Am I Still a Third-Culture Kid?
- Claire Sibley
- Dec 14, 2023
- 1 min read
After living abroad for the first eighteen years of my life, I moved to the States for college. It could have been considered a homecoming. I am the daughter of two American parents, a US citizen and passport holder, and was returning to a state where my dad grew up and extended family lived—returning to what my family called home.
I have lived in the Greater Philadelphia Area for almost nine years which is now the longest I have lived in one country (although I did move apartments/states/counties every one-to-two years). In moving to Philadelphia, I was set on making this place home. After an entire life abroad, I was finally going to settle down. Looking back, I was so obsessed with belonging to Philadelphia, that I forgot my childhood entirely. I wanted an easy answer to "Where are you from?"

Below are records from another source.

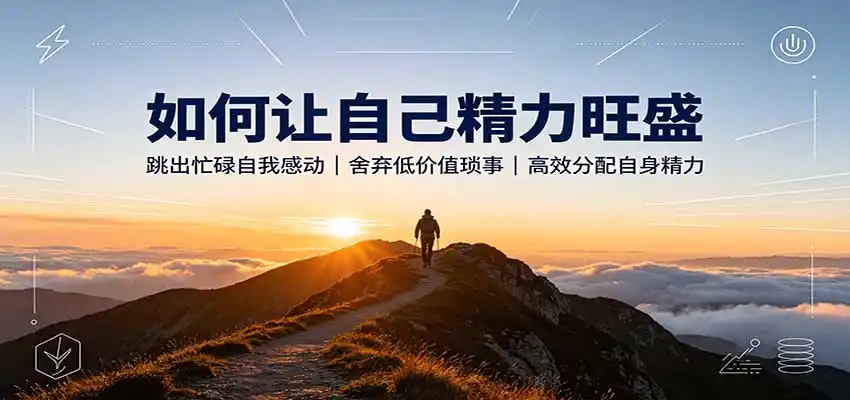 如何让自己精力旺盛：跳出忙碌自我感动，舍弃低价值琐事，高效分配自身精力-钱途社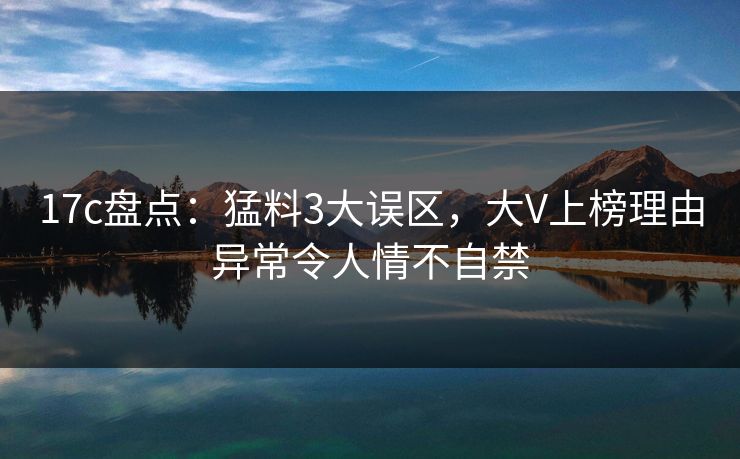 17c盘点：猛料3大误区，大V上榜理由异常令人情不自禁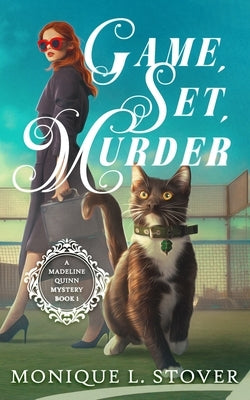 Game, Set, Murder by Stover, Monique L.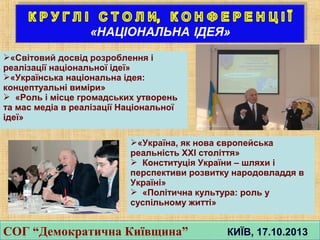 СОГ “Демократична Київщина” КИЇВ, 17.10.2013СОГ “Демократична Київщина” КИЇВ, 17.10.2013
«Світовий досвід розроблення і
реалізації національної ідеї»
«Українська національна ідея:
концептуальні виміри»
 «Роль і місце громадських утворень
та мас медіа в реалізації Національної
ідеї»
«Україна, як нова європейська
реальність ХХІ століття»
 Конституція України – шляхи і
перспективи розвитку народовладдя в
Україні»
 «Політична культура: роль у
суспільному житті»
 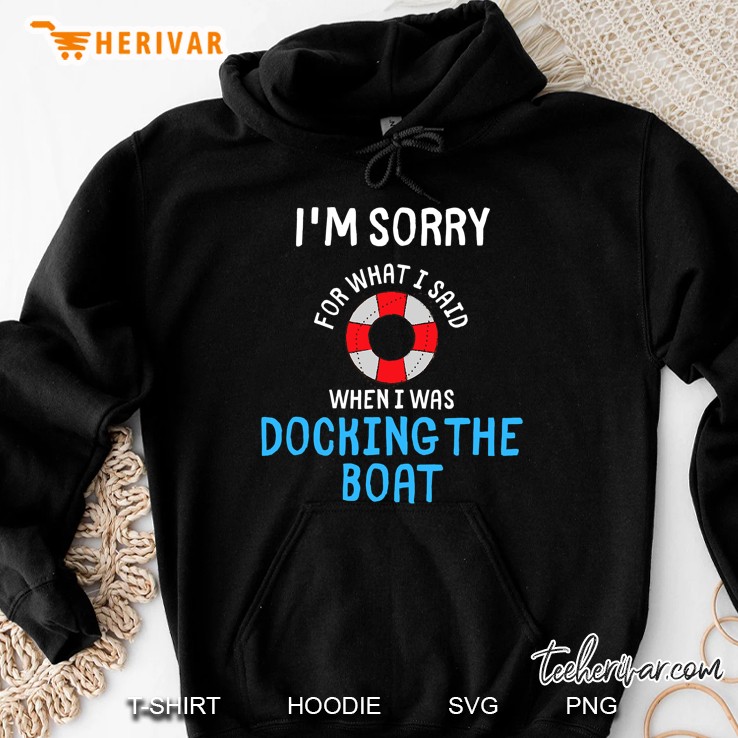 Im Sorry For What I Said Funny Docking Boat Sailing Hoodie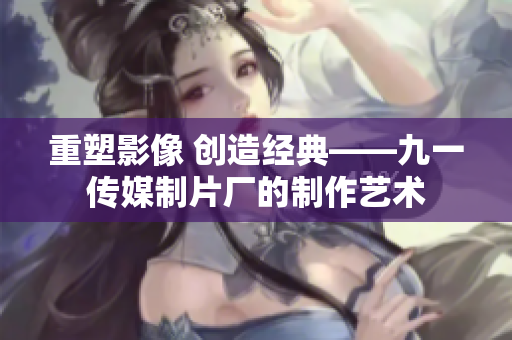 重塑影像 创造经典——九一传媒制片厂的制作艺术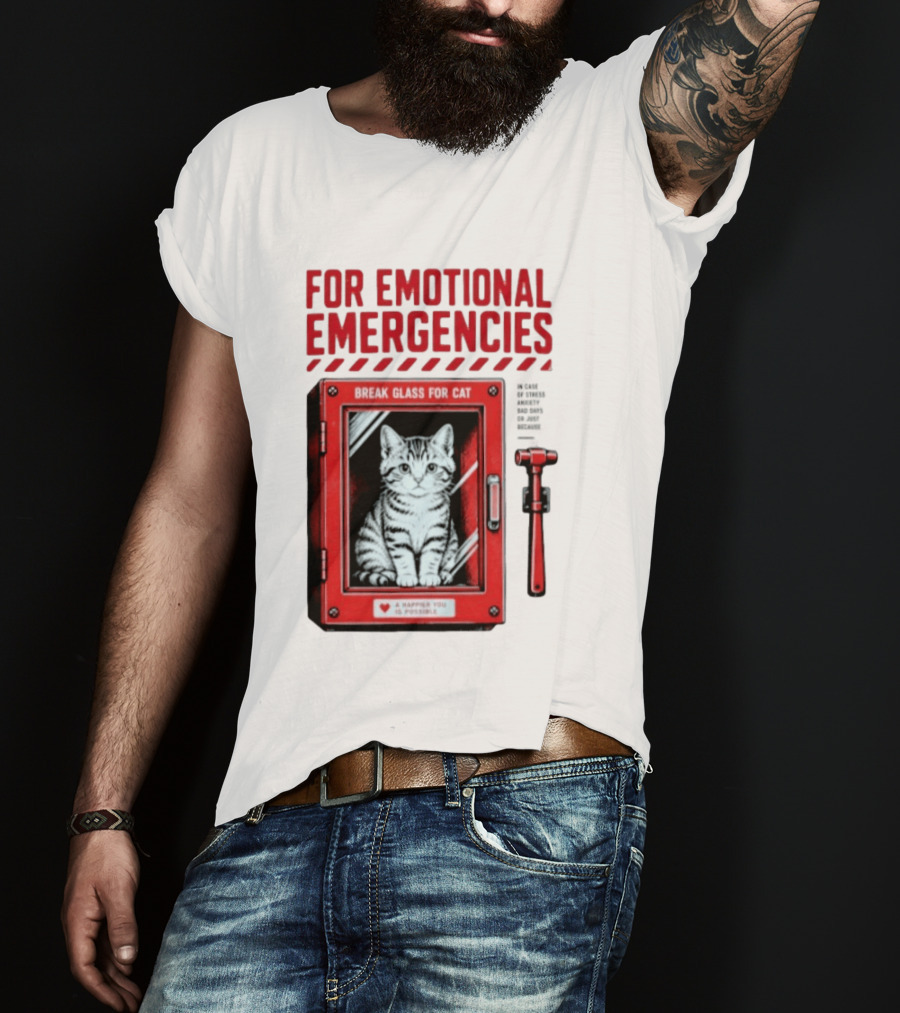 For Emotional Emergencies Break Glass For Cat A Happier You Is Possible T-Shirt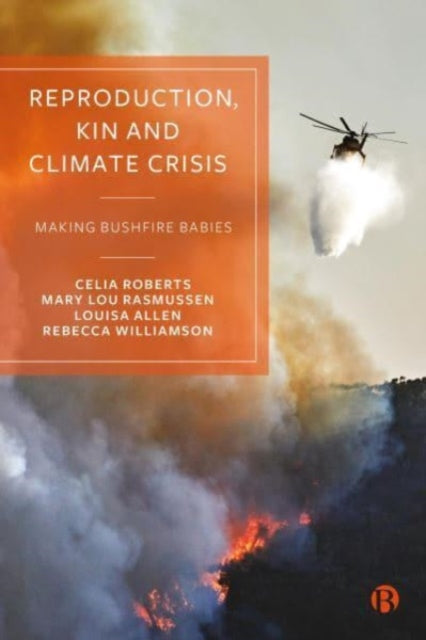 Reproduction, Kin and Climate Crisis : Making Bushfire Babies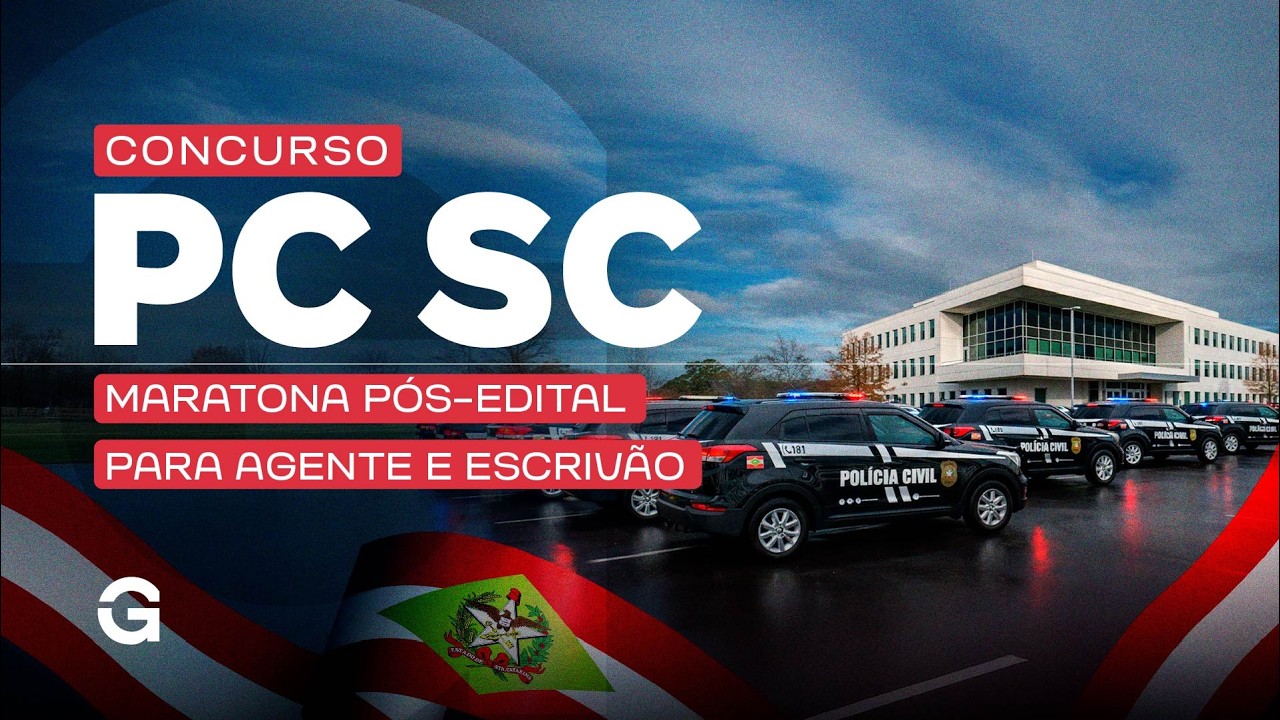 Concurso PC SC: Maratona Pós-Edital para Agente e Escrivão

It was either here or the kaleidoscope of countries I lived in beforehand, but it couldn't be both. I wouldn't allow Philadelphia to become another pin on the map in a long list of places I once called home. Why was I denying myself my past? How could I reject the parts of myself that are so deeply intertwined with my international upbringing?
It brings me to the question: am I still a third-culture kid if I've stopped moving? Perhaps I was afraid to unpack my grief, approach the hidden losses, and start the acceptance that I may never really be from anywhere. I am a Jackson Pollock of homes, memories, cultures, values. But do I belong to any of them?